The probability distribution for a given symbol, or even its alphabet, need not be fixed but may be conditioned on preceding symbols in the file. This is possible because at the time a given interval is to be subdivided, both the encoder and decoder know the value of all previous symbols, and hence can make identical assignments to possible subintervals. This fact allows arithmetic coding great flexibility in encoding Markov strings and in adapting to fluctuating source statistics. For example, in Figure 6, the alphabet and/or probability distribution for the second symbol might have been different if the first symbol had assumed value "A" or "C" instead of "B." When the first symbol was "B," its possible successors were "D," "E," and "F," but if the value of the first symbol had been "A," its possible successors might have been "TRUE" and "FALSE"; similarly, the possible successors of "C" might have been "RED," "YELLOW," and "GREEN." The system works as long as the encoder and decoder have prior agreement about the set of successors (and their probabilities) for each history.

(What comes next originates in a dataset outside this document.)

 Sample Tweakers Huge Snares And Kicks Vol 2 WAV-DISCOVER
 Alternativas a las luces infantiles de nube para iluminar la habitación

Relationship of coder to model and adapter
Refining the definition of the "Model-Adapter-Coder"
architecture described earlier, the model maps the incoming



Figure 6
Encoding the string "BEH."

data into a series of symbols, or probabilistic events, to be encoded. Accompanying each symbol the model also delivers a summary of the previously processed data, expressed as a single number called a *context* [16]. Given this context, the *adapter* provides an estimate of the probability distribution of the symbol, based on the values which were actually seen accompanying previous occurrences of the same context. Next, the *coder* subdivides the interval on the number line according to this probability estimate and the actual symbol value. Finally, the adapter revises its state based on the symbol value just encoded.

#### Finite-precision arithmetic

A direct implementation of the technique for subdividing intervals on the number line would require arbitrarily long word lengths for the calculations involved [25]. To avoid this, we use a kind of floating-point arithmetic which takes advantage of the fact that (usually) as the sequence progresses, the interval being considered becomes smaller in such a way that all points in it have the same leading (more significant) bits. Thus, it is *usually* possible to transmit these bits long before the subdivision process is complete, and focus attention on the less significant bits [11]. **Figure 7** illustrates this. The exception, where the interval persistently spans a roll-over of a more significant bit, is considered later as a special case.

#### Registers and variables

Because it takes two numbers to define an interval on the number line (either as two endpoints or as one endpoint and a width), every arithmetic coder needs two registers to keep track of the current interval [17]. In the Q-Coder used in the ABIC, they are called the A and C registers. For both encode and decode, the A register represents the width of the current interval. For encode, the C register represents the lower











endpoint of the current interval, as shown in Figure 8. For decode, the C register represents the position of the code point relative to the lower endpoint of the current interval (i.e., the value of the code point minus the lower endpoint of the current interval).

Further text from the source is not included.